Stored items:
"""

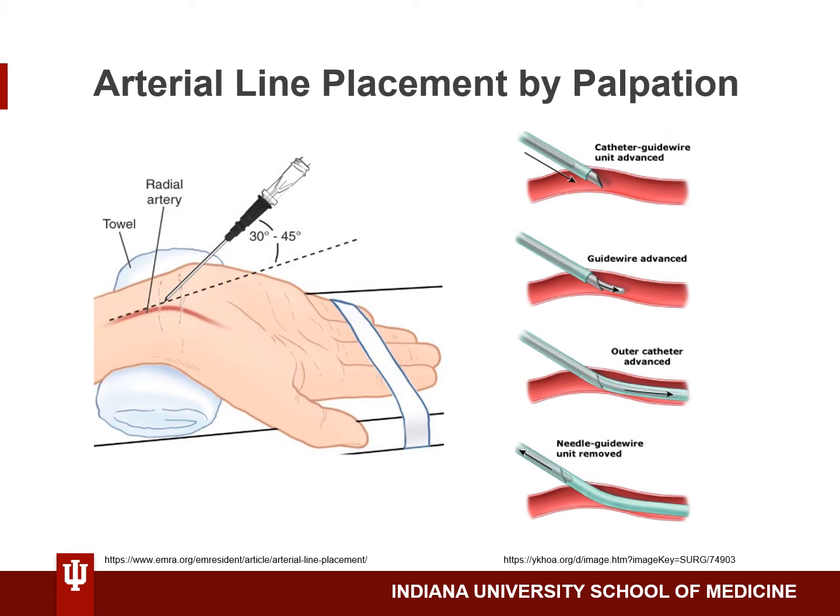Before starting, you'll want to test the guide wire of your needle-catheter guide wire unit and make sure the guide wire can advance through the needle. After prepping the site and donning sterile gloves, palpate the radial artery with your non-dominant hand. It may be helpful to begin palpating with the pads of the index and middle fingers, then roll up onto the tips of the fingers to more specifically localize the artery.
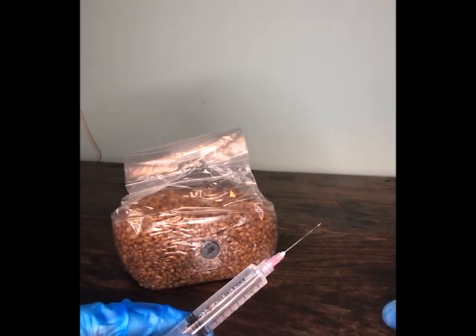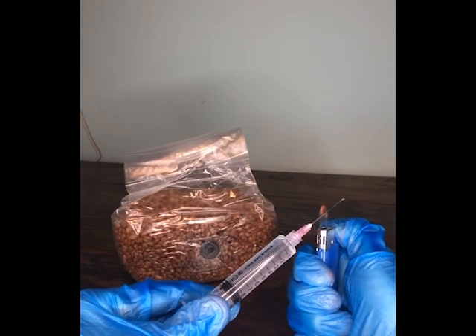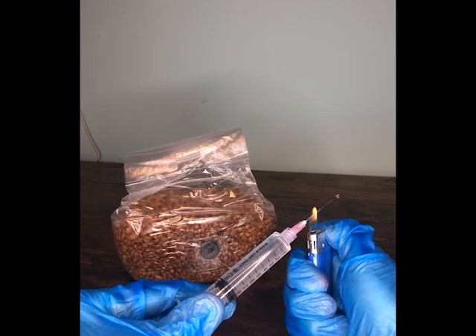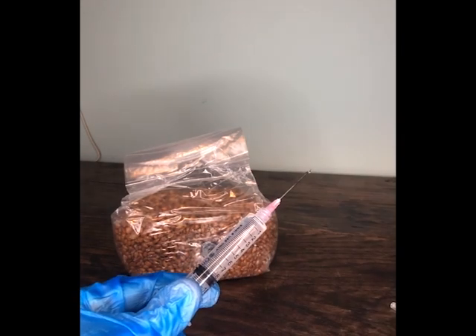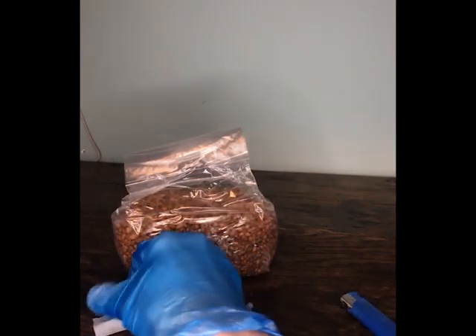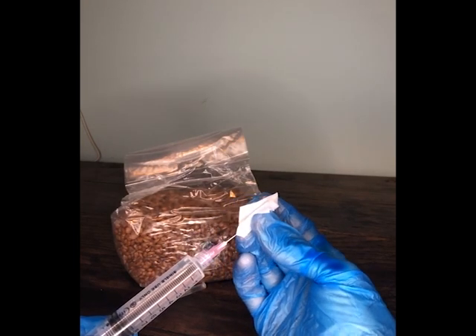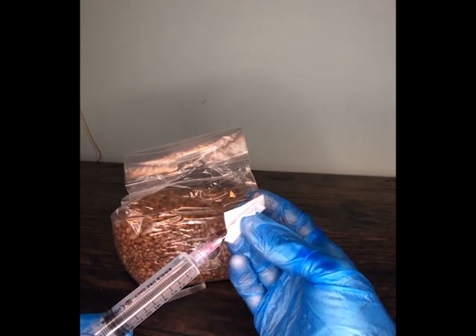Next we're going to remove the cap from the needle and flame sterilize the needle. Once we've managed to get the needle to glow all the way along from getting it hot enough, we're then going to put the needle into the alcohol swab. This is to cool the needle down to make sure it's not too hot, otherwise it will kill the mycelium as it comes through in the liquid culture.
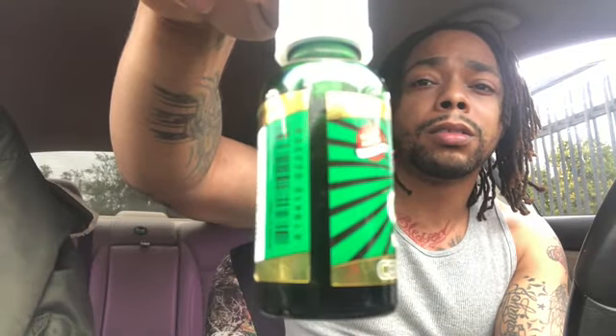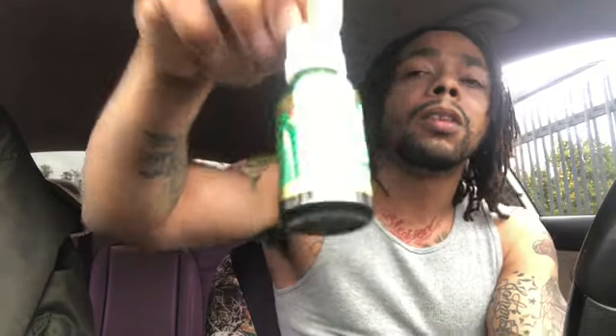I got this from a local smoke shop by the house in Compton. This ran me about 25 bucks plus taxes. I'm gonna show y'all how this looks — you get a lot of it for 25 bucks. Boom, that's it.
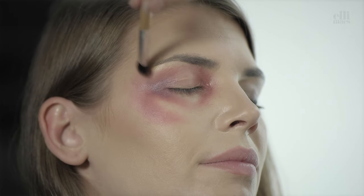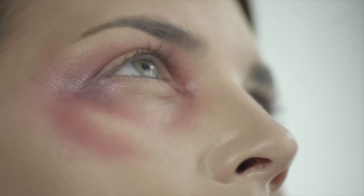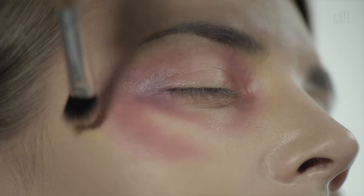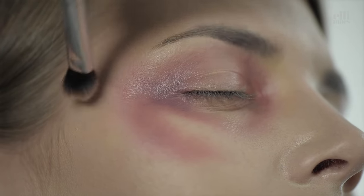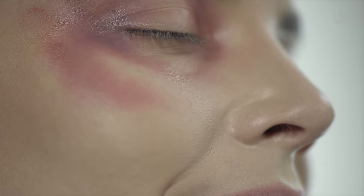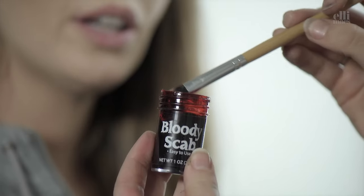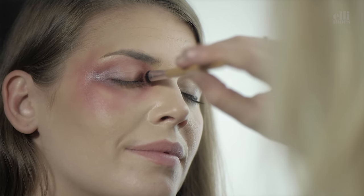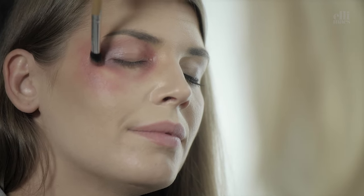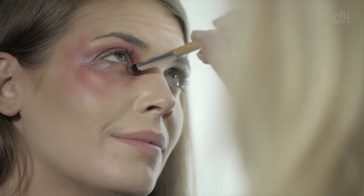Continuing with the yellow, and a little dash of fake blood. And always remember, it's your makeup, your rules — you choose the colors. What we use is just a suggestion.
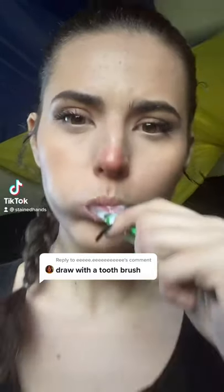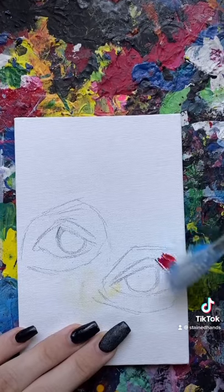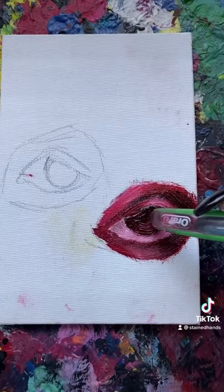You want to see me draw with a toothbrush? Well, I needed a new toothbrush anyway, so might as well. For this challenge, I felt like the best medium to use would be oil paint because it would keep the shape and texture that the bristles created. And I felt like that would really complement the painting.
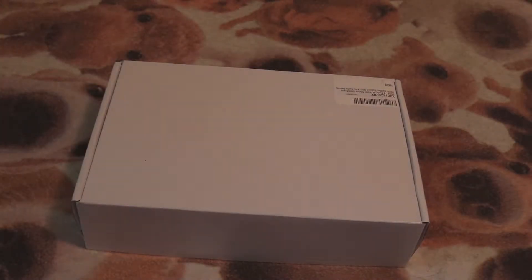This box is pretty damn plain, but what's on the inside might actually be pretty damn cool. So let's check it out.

"""

Task to carry out :: Once the line containing "Continuing with the" is found, transcribe it and every line after it to the end of the records, exactly and with no pictures.

Completed exercise ::
Continuing with the yellow, and a little dash of fake blood. And always remember, it's your makeup, your rules — you choose the colors. What we use is just a suggestion.
You want to see me draw with a toothbrush? Well, I needed a new toothbrush anyway, so might as well. For this challenge, I felt like the best medium to use would be oil paint because it would keep the shape and texture that the bristles created. And I felt like that would really complement the painting.
This box is pretty damn plain, but what's on the inside might actually be pretty damn cool. So let's check it out.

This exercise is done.